» **WHAT YOU NEED TO DO**:
From the material below, return exactly the lines starting at the one that holds "Lũ trên các" and ending at the one that holds "Political Panoramic Map of Boukamouza". Pictures stay out of the answer.

» **SUPPLIED RECORDS**:
-=-=-
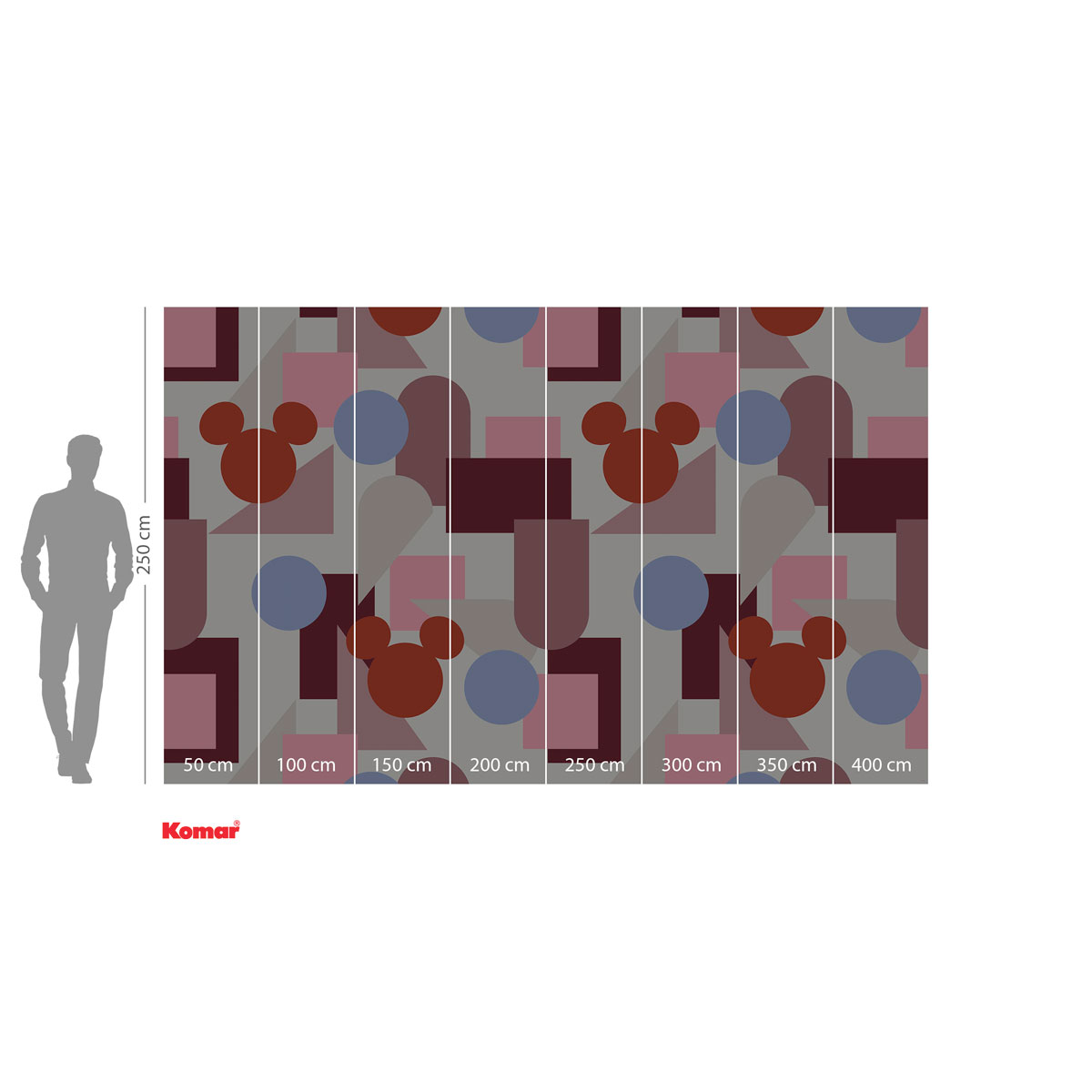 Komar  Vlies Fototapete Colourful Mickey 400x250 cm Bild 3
-=-=-
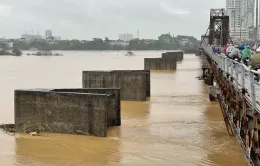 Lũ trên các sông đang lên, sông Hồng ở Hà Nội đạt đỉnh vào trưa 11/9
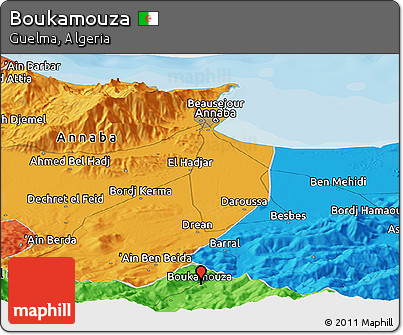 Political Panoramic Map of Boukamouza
-=-=-
» **RESPONSE TO THE TASK**:
 Lũ trên các sông đang lên, sông Hồng ở Hà Nội đạt đỉnh vào trưa 11/9
 Political Panoramic Map of Boukamouza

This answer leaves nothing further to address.